=== Task item ===
Set down the data below without change, skipping the pictures it holds.

=== Provided material ===
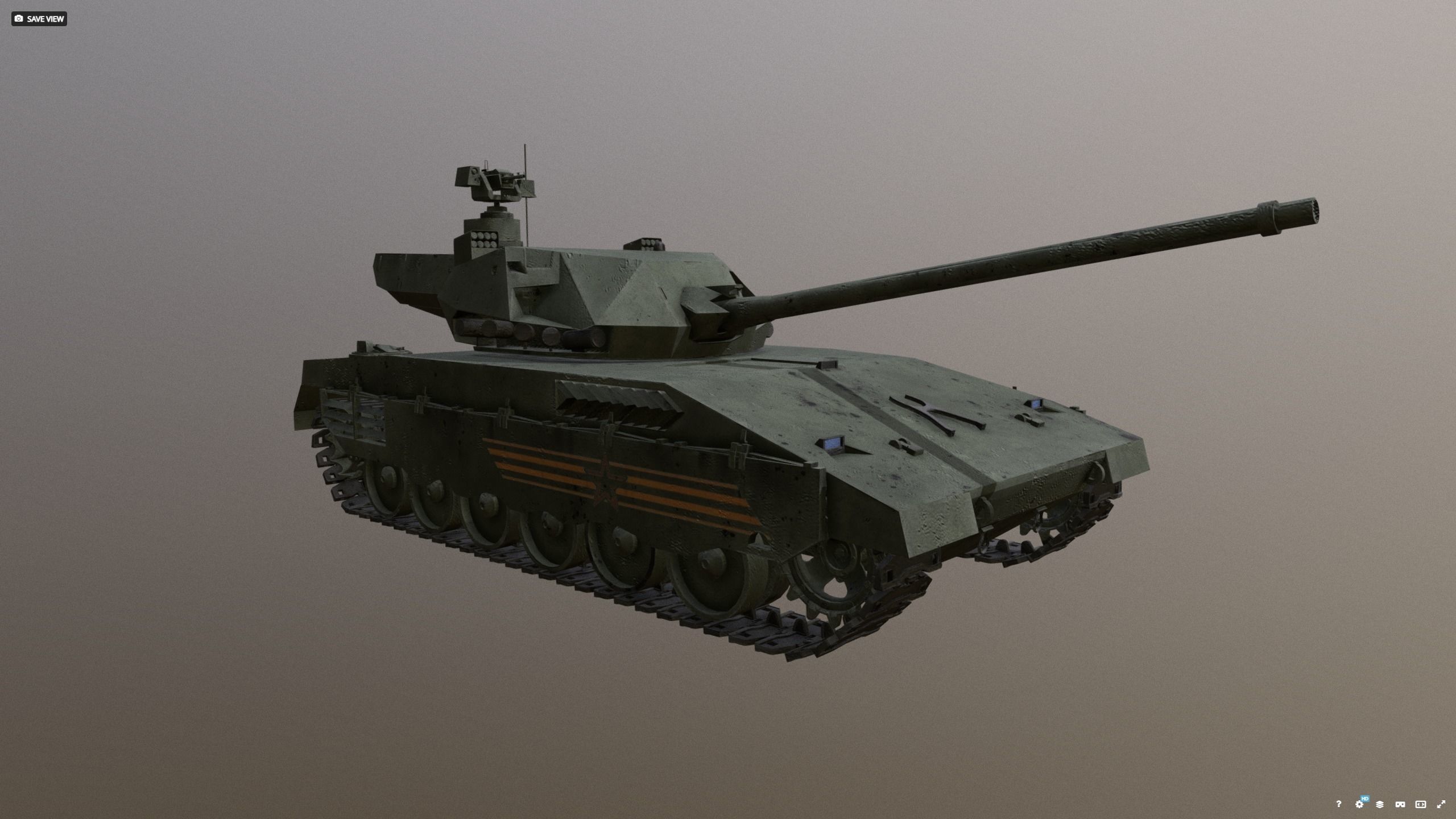 T14 - Armata Green 3D model_2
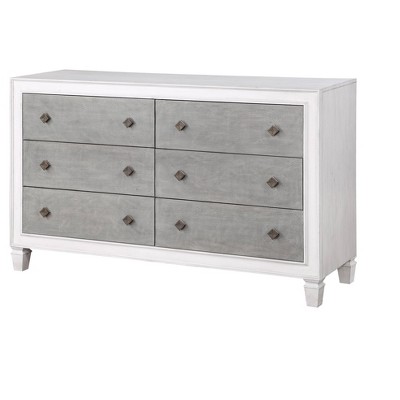 Katia Rustic Gray & Weathered White Finish Dresser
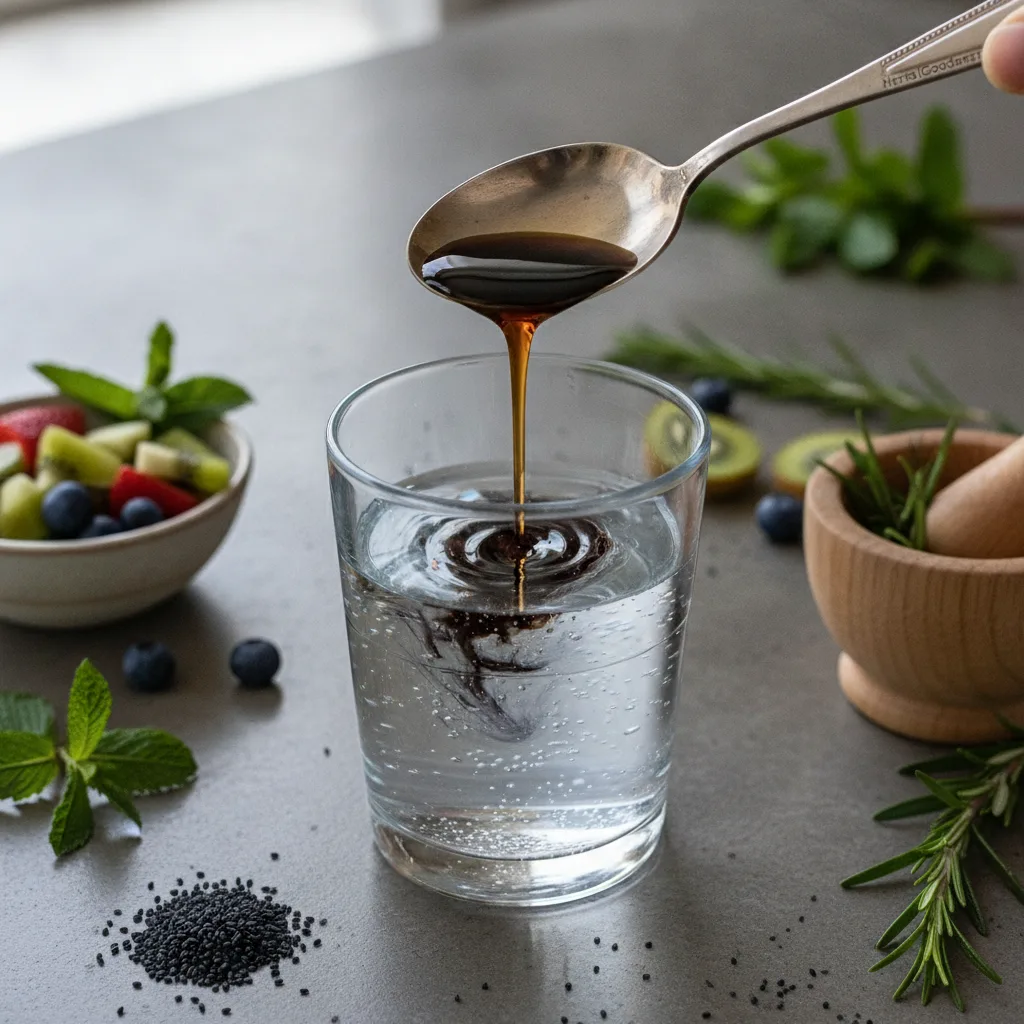 bottle of black seed oil and capsules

=== Your solution ===
 T14 - Armata Green 3D model_2
 Katia Rustic Gray & Weathered White Finish Dresser
 bottle of black seed oil and capsules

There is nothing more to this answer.